Un destino durissimo: questi ragazzi dapprima dovettero sopportare le terribili condizioni di vita del primo conflitto mondiale, poi, chi riuscì a tornare a casa, fu costretto a ripartire - stavolta come emigrante - a causa della terribile carestia e della miseria che colpì in particolar modo le classi meno abbienti dei coloni, dei mezzadri e dei braccianti a giornata. Lasciarono di nuovo le famiglie diretti in America Latina e Stati Uniti dove spesso soffrirono disagi e subirono mortificazioni. Per ricordare quei giovani, e quelli che caddero nel primo conflitto mondiale (35 i dispersi e i caduti, come riportano le lapidi sul monumento realizzato in una piazza di Centola), Ezio Martuscelli e Gino Bosi hanno allestito uno spazio espositivo in vista della creazione di un Museo comunale delle testimonianze e della Memoria, organizzato un convegno e stampato un catalogo dal titolo 'La partecipazione dei soldati del Comune di Centola alla Grande Guerra (1915-18)'. Nei giovani reduci tornati dai vari fronti di guerra il dover ripartire causò una reazione di frustrazione che ben presto si trasformò in rancore verso lo Stato che li aveva traditi e abbandonati al loro destino. Nello spazio espositivo sono in mostra atti, documenti, foto, Croci al Merito di Guerra, Fogli di congedo illimitato, testimonianze raccolte tra la popolazione a partire dal 2014.

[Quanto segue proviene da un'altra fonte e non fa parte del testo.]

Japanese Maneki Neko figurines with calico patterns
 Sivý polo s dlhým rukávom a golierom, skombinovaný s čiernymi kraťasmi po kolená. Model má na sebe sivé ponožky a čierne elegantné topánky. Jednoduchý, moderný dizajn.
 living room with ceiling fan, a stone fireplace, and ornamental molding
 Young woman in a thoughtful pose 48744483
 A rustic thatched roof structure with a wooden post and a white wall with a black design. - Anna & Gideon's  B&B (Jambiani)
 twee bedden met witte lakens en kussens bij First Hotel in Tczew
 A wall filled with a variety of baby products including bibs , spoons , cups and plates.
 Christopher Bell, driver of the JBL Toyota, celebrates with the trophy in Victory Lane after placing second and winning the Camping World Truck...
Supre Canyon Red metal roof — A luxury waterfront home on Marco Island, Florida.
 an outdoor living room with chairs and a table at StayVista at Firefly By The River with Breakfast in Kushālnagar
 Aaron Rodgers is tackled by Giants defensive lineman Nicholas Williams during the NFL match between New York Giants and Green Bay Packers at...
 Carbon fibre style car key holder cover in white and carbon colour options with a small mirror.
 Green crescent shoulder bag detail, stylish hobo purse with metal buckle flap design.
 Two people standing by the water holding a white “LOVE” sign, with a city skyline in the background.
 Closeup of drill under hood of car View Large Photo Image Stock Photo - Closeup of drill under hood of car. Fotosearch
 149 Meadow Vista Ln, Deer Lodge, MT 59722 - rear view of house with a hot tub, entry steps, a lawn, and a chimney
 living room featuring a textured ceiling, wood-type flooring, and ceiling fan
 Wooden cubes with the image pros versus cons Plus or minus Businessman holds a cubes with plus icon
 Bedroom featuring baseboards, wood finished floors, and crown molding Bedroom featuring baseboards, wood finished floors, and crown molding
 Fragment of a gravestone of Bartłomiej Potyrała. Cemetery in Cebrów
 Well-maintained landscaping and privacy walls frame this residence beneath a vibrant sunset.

Da questa documentazione inedita si ricava che questi giovani, la maggior parte dei quali contadini e analfabeti, strappati alla loro terra, furono proiettati dopo un inadeguato addestramento e una superficiale preparazione bellica, nell'inferno delle trincee di Carso, Isonzo, Piave. Il catalogo, corredato da foto e documenti, illustra i fatti salienti della prima guerra mondiale, calca la mano sulla impressionante conta dei morti: 2.500 un giorno; 600 un altro, 900 e così via. I nomi dei luoghi sono quelli noti: Pasubio, Piave, le alture di Monfalcone, Carso, Isonzo, rievocano violenze mai viste fino a quel momento. E a tanti soldati di Centola partiti per i fronti, il catalogo dedica una scheda con i dati, le foto, i documenti riusciti a recuperare. Carlo Cappiello, di Nicola, ad esempio, soldato della Brigata Arezzo, 226/a Compagnia mitraglieri fiat, nato il 15 febbraio 1894, morì il 15 gennaio 1918 nell'ambulanza chirurgica d'armata n.3 per le ferite riportate in combattimento. Il 23 settembre 1930, anno VIII Era Fascista, invece, il ministro delle finanze decreta a favore di Cammarano Concetta, vedova Colicigno e madre di due figli Giuseppe e Fedele Colicigno, morti in guerra, rispettivamente il 22-10-1918 e il 18-04-1917, una pensione di guerra pari a lire 1790 per anno e per tutta la vita, anche se vedova, purché non si risposi. E così via, tra i ricordi di una nonna e le visite ai parenti che riposano as Sacrario di Redipuglia. Fino a quando il 4 novembre 1918, il tricolore non sventolò su San Giusto, a Trieste.